Books: The Night Library -
“Noticing that Shibuya lacked an accessible library that stayed open late enough for people who work full-time to be able to enjoy, book-loving Mori resolved to build his dream library it as close to the sprawling station as possible and invite like-minded souls to share it. With a unit already purchased and currently being fitting out with shelves, counters, and the facilities required to provide drinks to customers, Mori realised that he’d need a little extra help if he was to fill his shelves with enough titles to make it worth visiting.”
Books meet beer – Man achieves dream of opening ‘night library’ with help from crowdfunding site : Rocketnews24

Business: Books are always cheaper online – but it’s not about the books.
“This means book markdowns are extremely visible. Sellers can tout their low prices compared to what’s on the back of book covers, the price publishers want to sell it for. And that can be a convenient psychological device — especially if you’re a big retailer with lots of other stuff to sell. ‘When the customer sees a book at 40, 50 percent off,’ Teicher says, ‘the presumption is that everything else that that retailer is selling is also equally inexpensive.’ And books bring in some pretty attractive consumers. ‘Book buyers are good customers,’ Teicher adds. ‘They tend to be slightly more affluent, they tend to be consumers who shop and therefore are always in the marketplace for other products.’”
Why books always seem to have a discounted price : Marketplace [audio at link]

Tech: The deal is still just a rumor, though, right?
“Bona fide Beats are sold at a huge mark-up, making them immensely profitable but also irresistible to counterfeiters. The headphones—beloved by image-conscious teenagers but scorned by audiophiles—are easy to copy because the headphones’ appeal is largely based on brand rather than function.”
Why millions of counterfeit Beats won’t bother Apple : Quartz

The number-one factor that determines how earbuds sound is the fit — so even Sennheisers that run a couple hundred bucks are going to sound bad if the fit is too tight, or falling-out-loose, or just ‘off’ somehow—for you. It’s a very personal and subjective thing (which makes reviews of earbuds worthless, in my opinion).
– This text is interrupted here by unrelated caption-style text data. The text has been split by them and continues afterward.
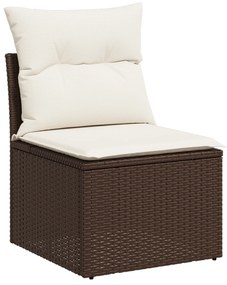 Conjunto de Sofá de Jardim vidaXL com Almofadas Castanho Rattan Poliés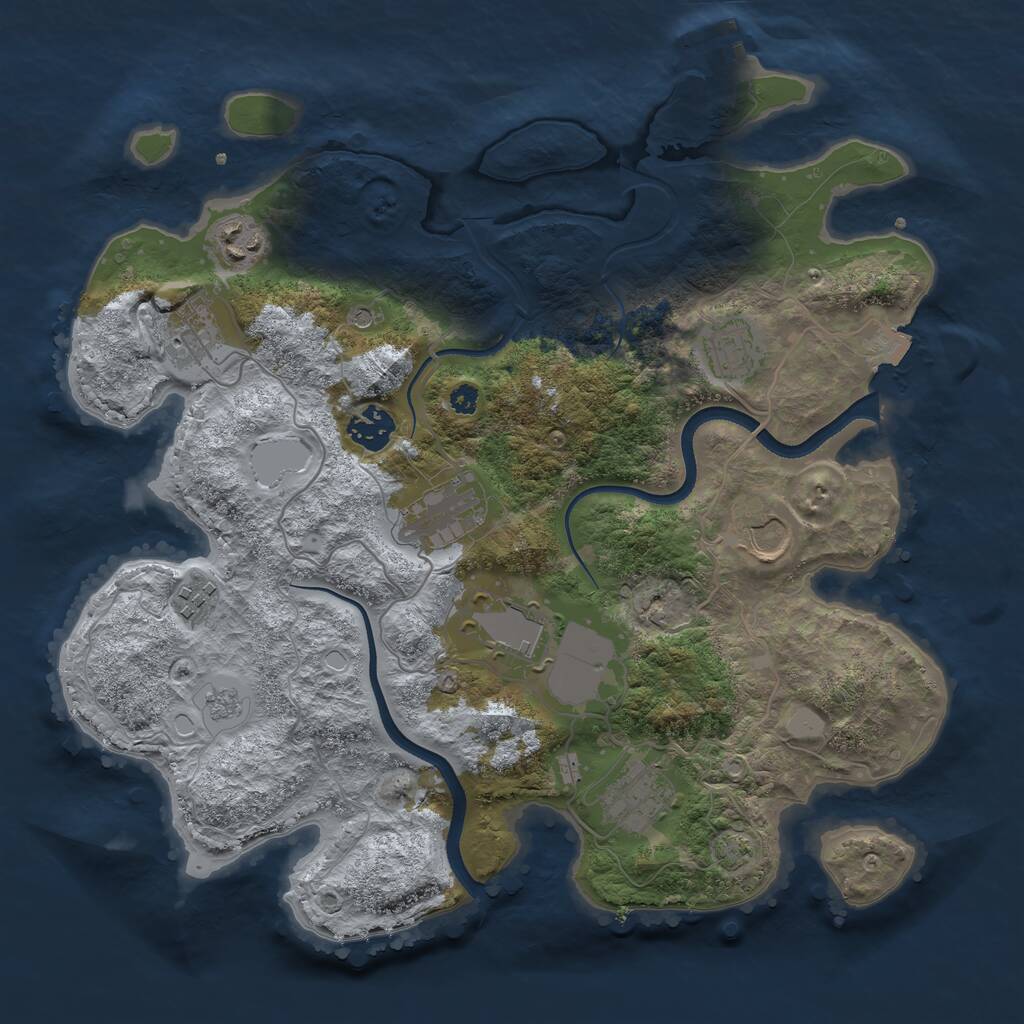 Rust Map: Procedural Map, Size: 3500, Seed: 396085665, 14 Monuments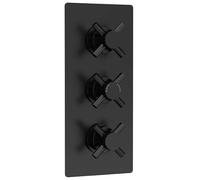 Axiom 2 Outlet Triple Crosshead Thermostatic Valve Matt Black | Matt Black, Rectangular, Three Crosshead Handles, +/- 2-3 Degrees, 0.1 Bar Minimum, 15mm And 1/2 BSP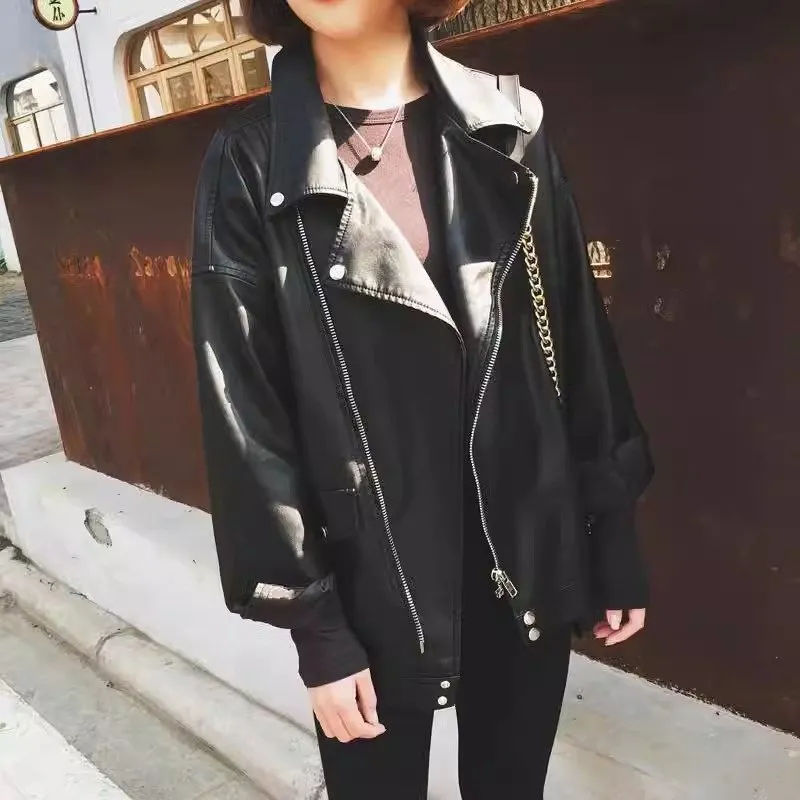 Soft Faux-Leather Leather Casual Outerwear Jacket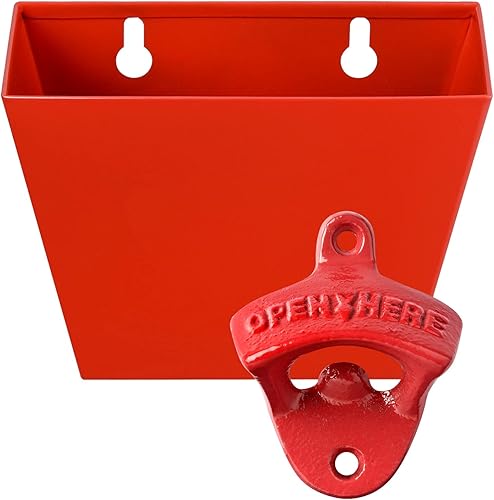 Abrebotellas de cerveza de hierro fundido rojo montado en la pared con captador amplio paquete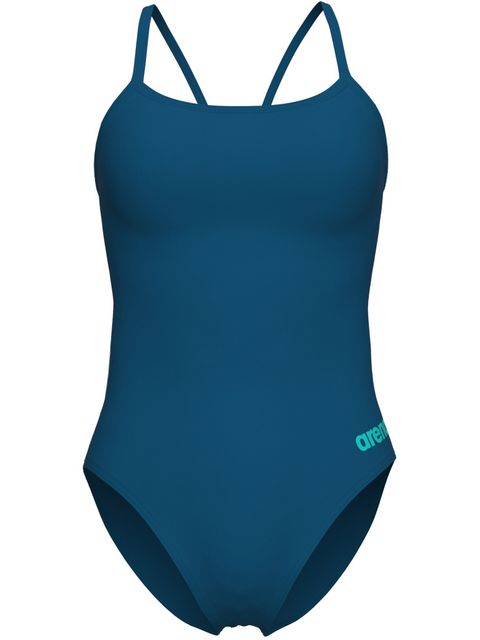 Arena Solid Lace Back One Piece - Blue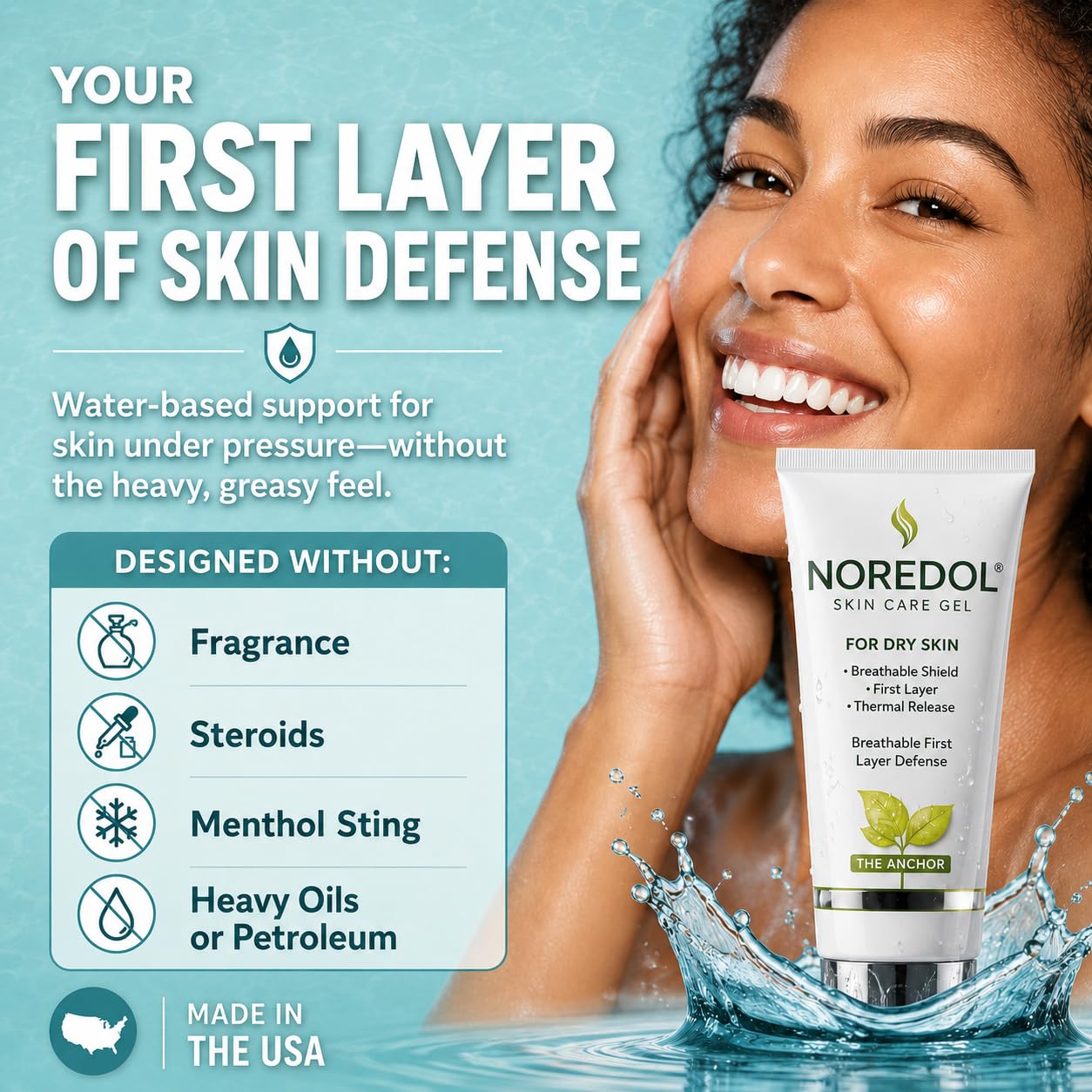 Noredol Barrier Repair Gel Moisturizer - Water Based Weightless Daily Defense for Sensitive Skin - Post Laser Post Peel Recovery - Aloe Vera & Panthenol Fragrance Free - Made in USA (1oz)
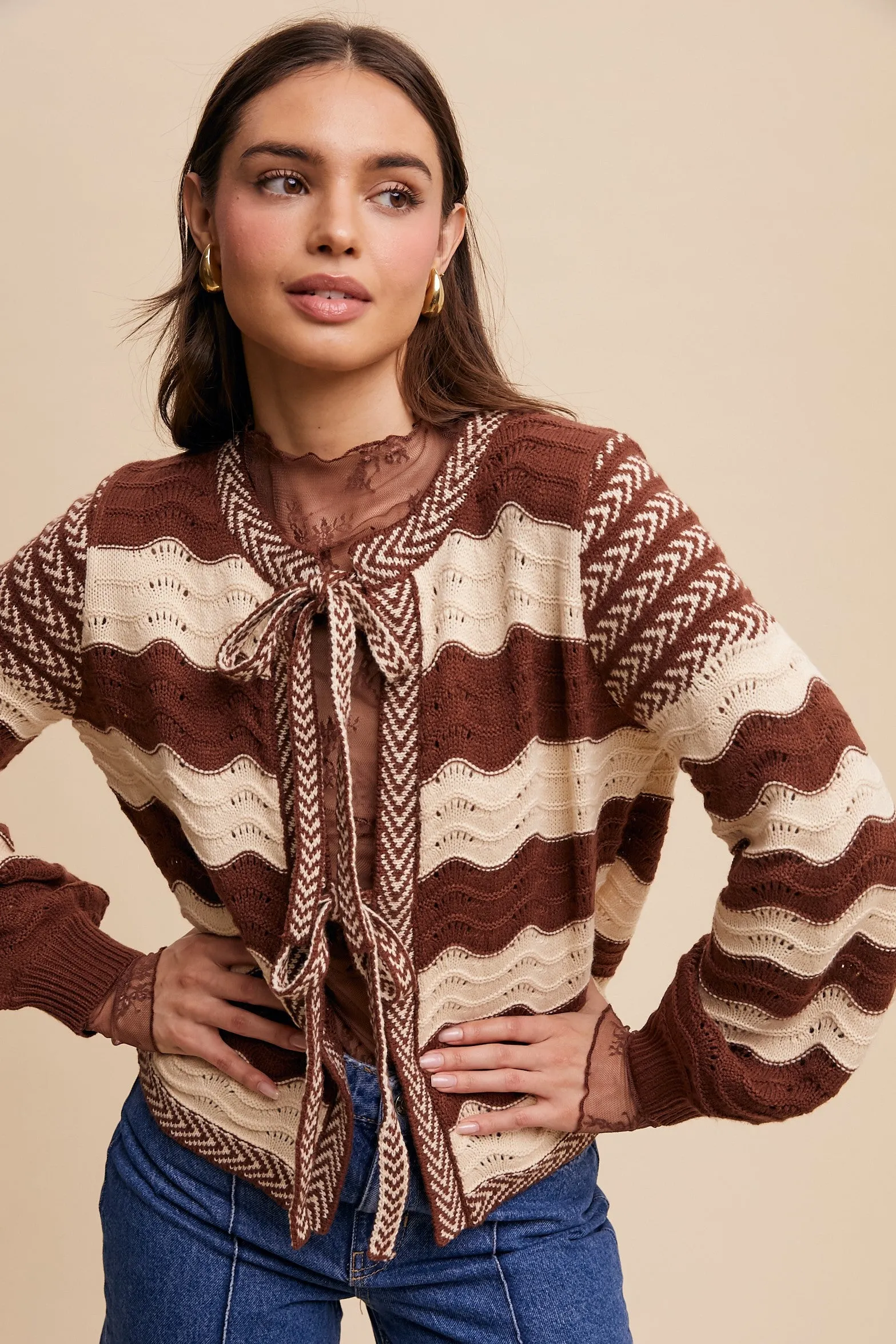 Wavy Pointelle Cardigan Mocha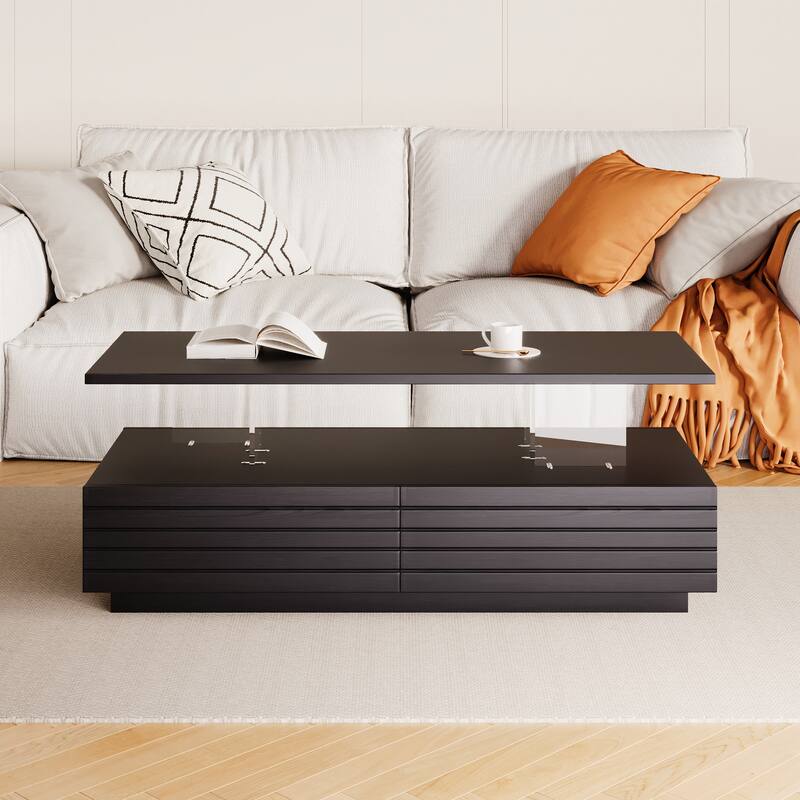 Modern White Rectangular LED Lights Coffee Table with 2 Drawers - Black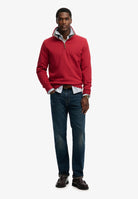 SUPERDRY Essential Pique Half Zip-Prep Red Prep Red side view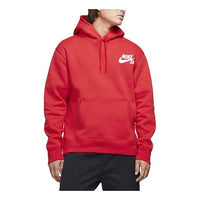 سويت شيرت Nike SB Skateboard Icon Skateboard بغطاء رأس وأكمام طويلة وشعار للرجال باللون الأحمر الجامعي CW7065-657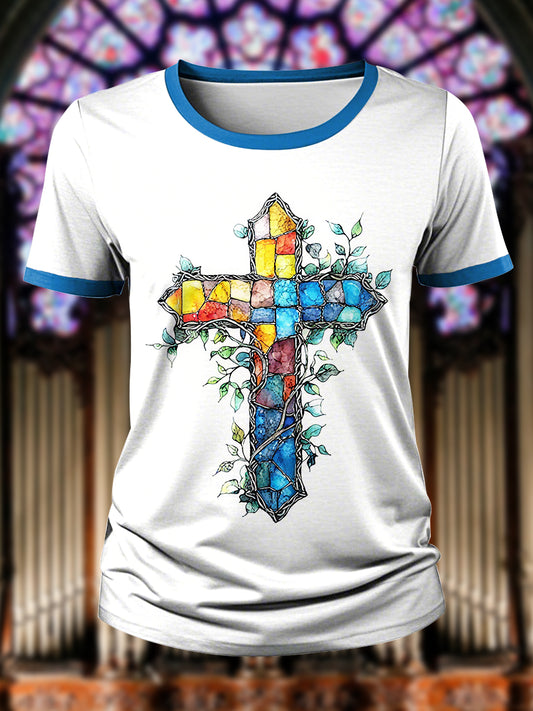Women's Faith Art Glass Cross Print T-shirt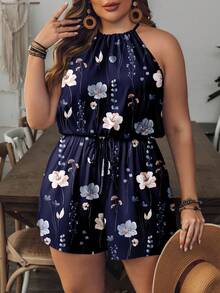 SHEIN VCAY Plus Size Floral Print Halter Romper - Navy Blue - View 3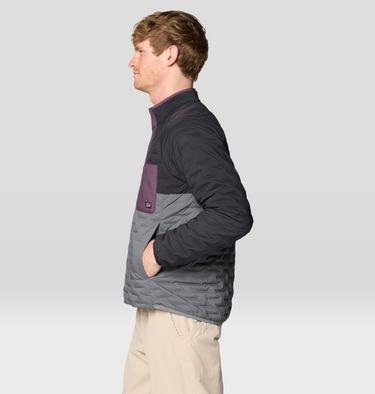 Men's Stretchdown Light Snap Neck, Color: Foil Grey, Black, Dusty Purple, image 4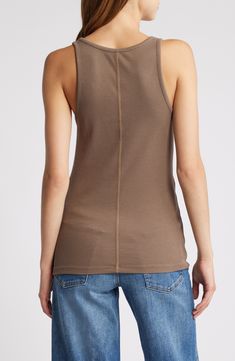 Soft ribbing lends a close fit to this layer-perfect tank. 26" length (size Medium) Scoop neck 48% micro modal, 46% supima cotton, 6% spandex Machine wash, line dry Made in the USA of imported materials Everyday Modal Tank Top, Everyday Modal Tank Top With Scoop Neck, Modal Tank Top For Everyday, Fitted Modal Sleeveless Tank Top, Fitted Sleeveless Modal Tank Top, Seamless Scoop Back Tank Top For Spring, Spring Modal Tank Top, Scoop Neck Modal Tank Top For Spring, Fitted Modal Tank Top For Layering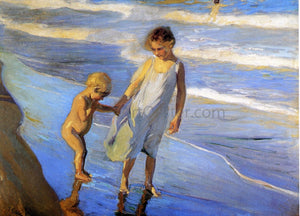  Joaquin Sorolla Y Bastida Valencia, Two LIttle Girls on a Beach - Art Print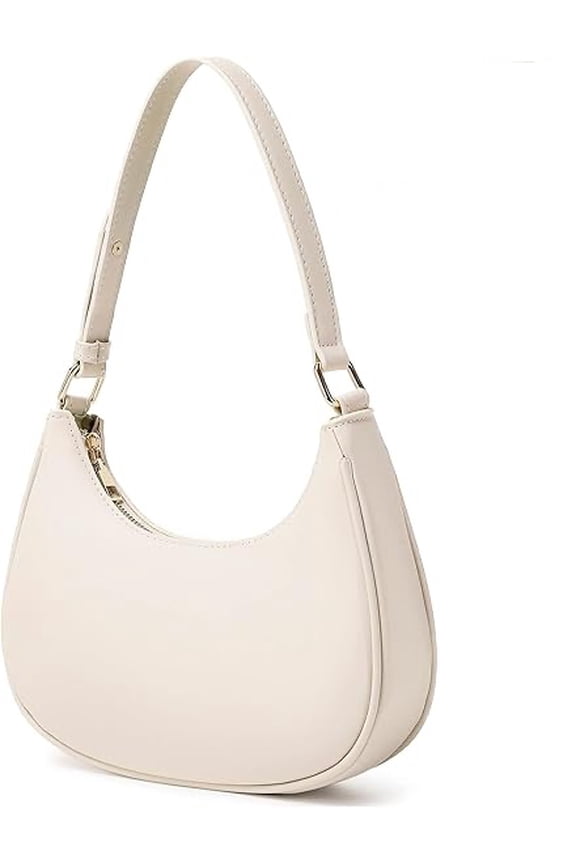 Shoulder Bag for Women, Light beige, Small Purse Cute Clutch Hobo Handbag, Trendy Crescent Bag, 90s Y2k Bags
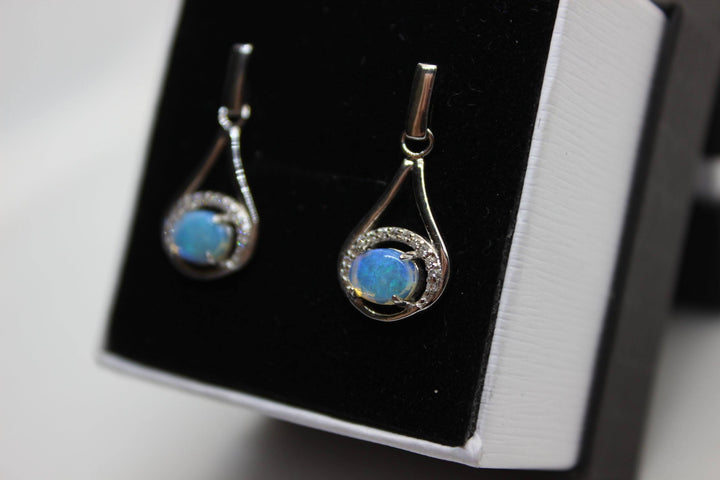 Australian Natural Solid Crystal Opal Hanging Sterling Silver Setting Earrings Australian Opal House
For over-the-ear cans, the actual driver (the speaker part) is more important than with earbuds, but build quality matters at least as much (I’d argue more) — padding with that thin, fake-leather crap that flakes away gets itchyscratchy fast, and foam that is too airy or too thin to matter means your cans are leaking sound (or letting the outside sounds leak in).

I live in my headphones (not, as some Beats owners do it, wearing them around my neck — but 14 hours a day and then all night while I’m sleeping ) so yes, I am picky about what I buy, but I don’t think I’ve spent more than $30 on a pair of headphones ever.

My current faves cost about $22 bucks and when I found out the style was going to be discontinued I bought 5 spare pairs and also used some heat-shrink tubing to reinforce the cord at the mini-jack (a stress point and most common point of failure in my experience) — I really like this model of earbud and as noted above, they’re so comfortable (in my ear, anyway) that I can even wear them while I sleep. Don’t even bother to ask me which brand they are though; there are still a few out there (even after being discontinued) and you never know, I might want to buy what’s left. (maybe I’ll buy myself another 5 spares for my birthday)

So anyway, short lecture aside, I never saw Beats as anything more than marketing (savvy marketing, but still snake oil) and given the many other options out there, I’d never shell out for a pair. However, Beats comes with a built-in, mostly young fan base (and that super-savvy marketing team) and maybe that is worth $3.2 billion to Apple.

See also:
What Apple is really buying with Beats : The Verge
Beat By Dre: The Exclusive Inside Story of How Monster Lost the World : Gizmodo

##

I’m throwing today’s Book Recommendation into the diary entry — keep reading.

##

Diary entry for 11 May:
The earbud-thing above is, I think, indicative of being a curmudgeon. By ‘earbud-thing’, I mean both my pickiness and my overuse/over-reliance on the unspoken social cue that’s communicated by wearing them in public. And by ‘being a curmudgeon’, I mean of course *me* being a curmudgeon. I’m getting older, and starting to sound like it: “New Things? Why should I try the new thing, I like my old thing… nothing wrong with something just because it’s old. You damn kids. Get off my lawn.”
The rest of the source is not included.